#### Action item
Your answer must be the full listing, word for word, with no images in it.

○ ○ ○ ○

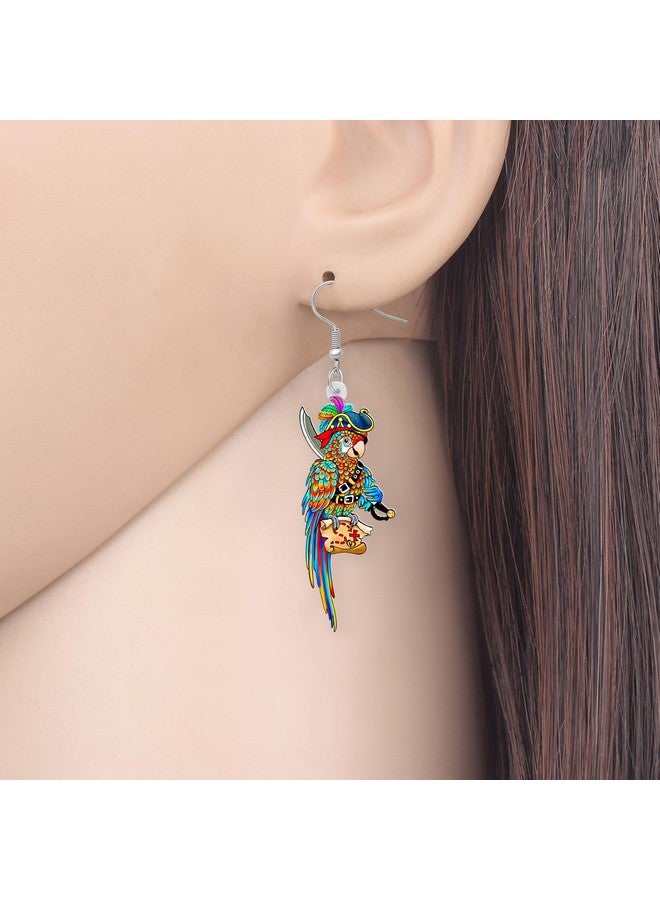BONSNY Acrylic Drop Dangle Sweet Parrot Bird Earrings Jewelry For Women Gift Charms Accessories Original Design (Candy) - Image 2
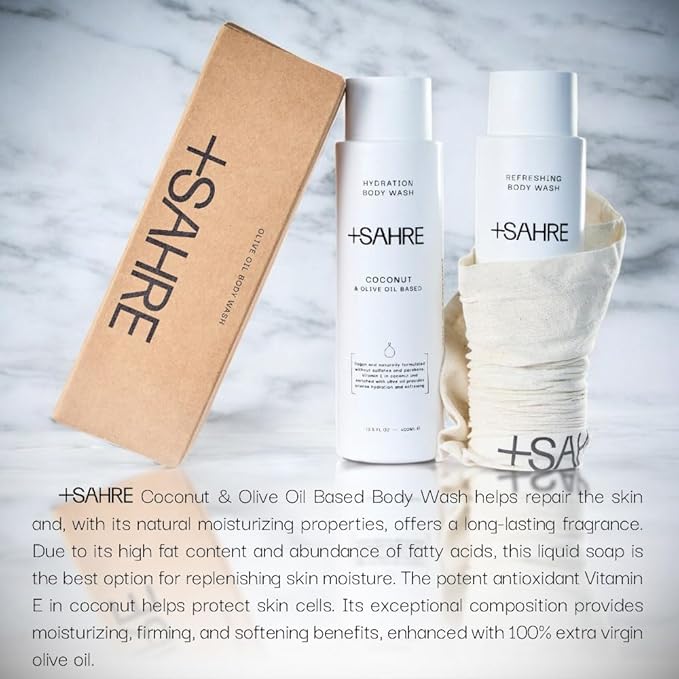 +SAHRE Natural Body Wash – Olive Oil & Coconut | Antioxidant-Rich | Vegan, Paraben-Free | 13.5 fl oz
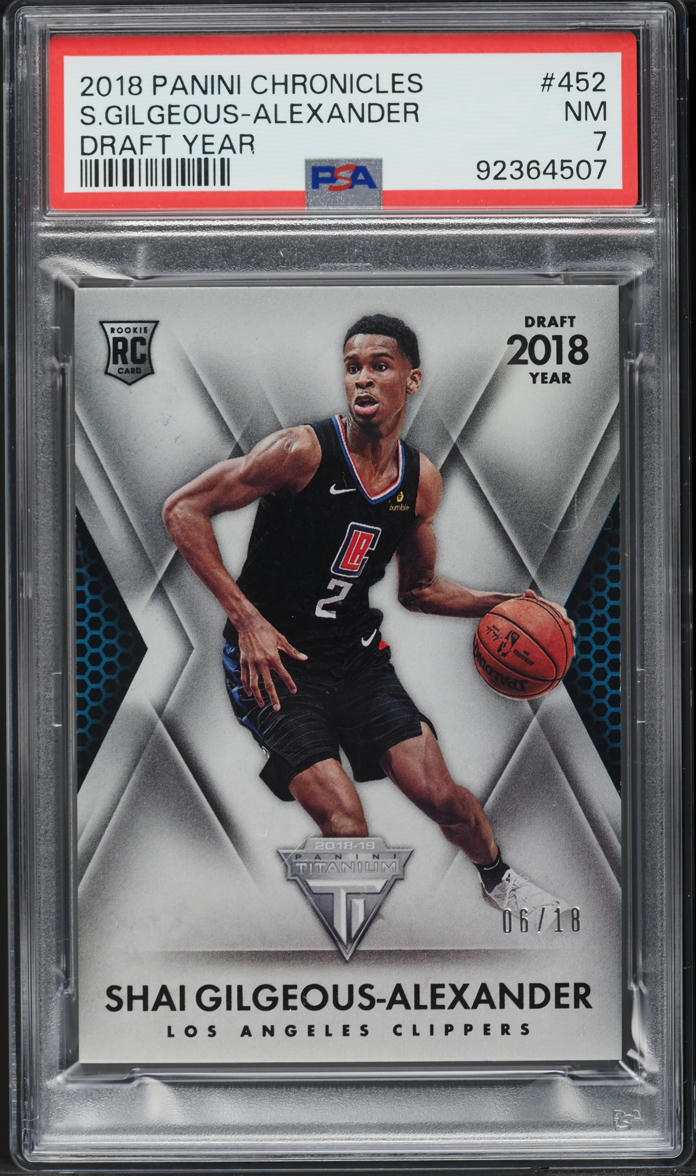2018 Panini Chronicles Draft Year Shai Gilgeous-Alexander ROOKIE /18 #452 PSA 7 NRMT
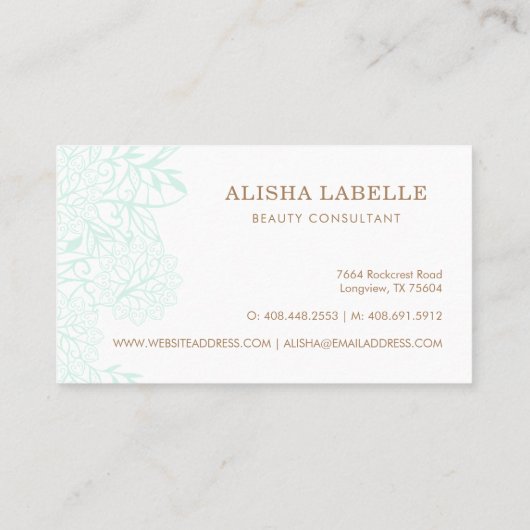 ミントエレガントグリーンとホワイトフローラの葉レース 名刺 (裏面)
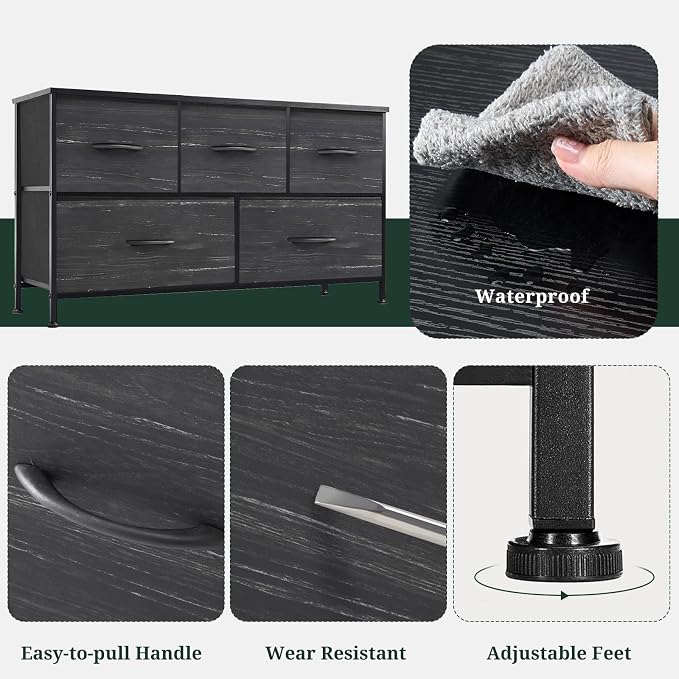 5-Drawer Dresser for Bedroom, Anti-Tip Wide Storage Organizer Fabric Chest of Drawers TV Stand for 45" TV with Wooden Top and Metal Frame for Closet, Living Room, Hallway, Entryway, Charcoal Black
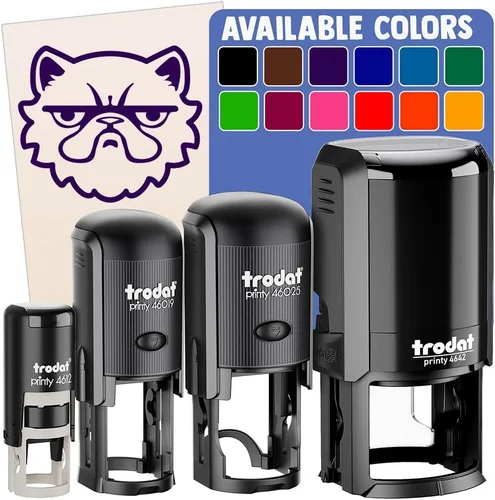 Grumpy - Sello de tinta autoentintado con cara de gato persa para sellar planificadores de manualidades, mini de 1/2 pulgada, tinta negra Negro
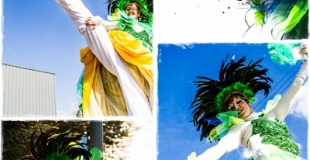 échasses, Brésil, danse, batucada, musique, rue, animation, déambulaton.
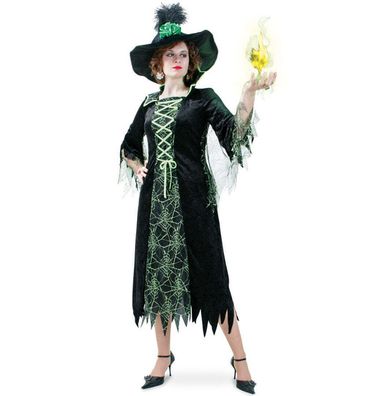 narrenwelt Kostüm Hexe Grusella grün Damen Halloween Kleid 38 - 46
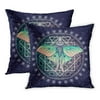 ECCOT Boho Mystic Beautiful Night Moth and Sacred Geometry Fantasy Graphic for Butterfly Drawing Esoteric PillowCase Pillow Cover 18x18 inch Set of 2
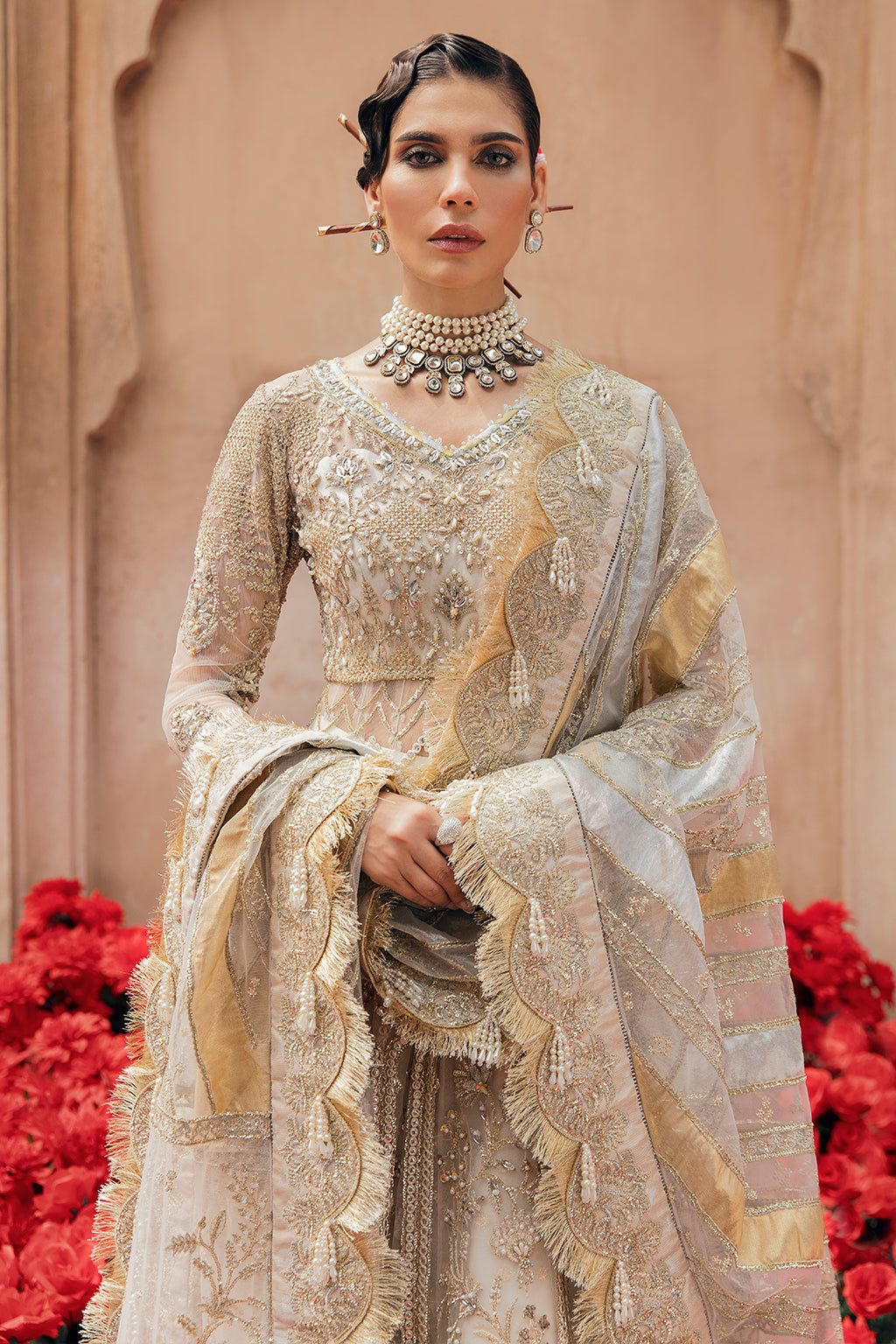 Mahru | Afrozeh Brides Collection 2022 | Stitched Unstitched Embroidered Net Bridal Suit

○ ○ ○ ○

#### Response below
BONSNY Acrylic Drop Dangle Sweet Parrot Bird Earrings Jewelry For Women Gift Charms Accessories Original Design (Candy) - Image 2
 +SAHRE Natural Body Wash – Olive Oil & Coconut | Antioxidant-Rich | Vegan, Paraben-Free | 13.5 fl oz
2018 Panini Chronicles Draft Year Shai Gilgeous-Alexander ROOKIE /18 #452 PSA 7 NRMT
 ミントエレガントグリーンとホワイトフローラの葉レース 名刺 (裏面)
 5-Drawer Dresser for Bedroom, Anti-Tip Wide Storage Organizer Fabric Chest of Drawers TV Stand for 45" TV with Wooden Top and Metal Frame for Closet, Living Room, Hallway, Entryway, Charcoal Black
 Grumpy - Sello de tinta autoentintado con cara de gato persa para sellar planificadores de manualidades, mini de 1/2 pulgada, tinta negra Negro
 échasses, Brésil, danse, batucada, musique, rue, animation, déambulaton.
 narrenwelt Kostüm Hexe Grusella grün Damen Halloween Kleid 38 - 46
 ECCOT Boho Mystic Beautiful Night Moth and Sacred Geometry Fantasy Graphic for Butterfly Drawing Esoteric PillowCase Pillow Cover 18x18 inch Set of 2
 Mahru | Afrozeh Brides Collection 2022 | Stitched Unstitched Embroidered Net Bridal Suit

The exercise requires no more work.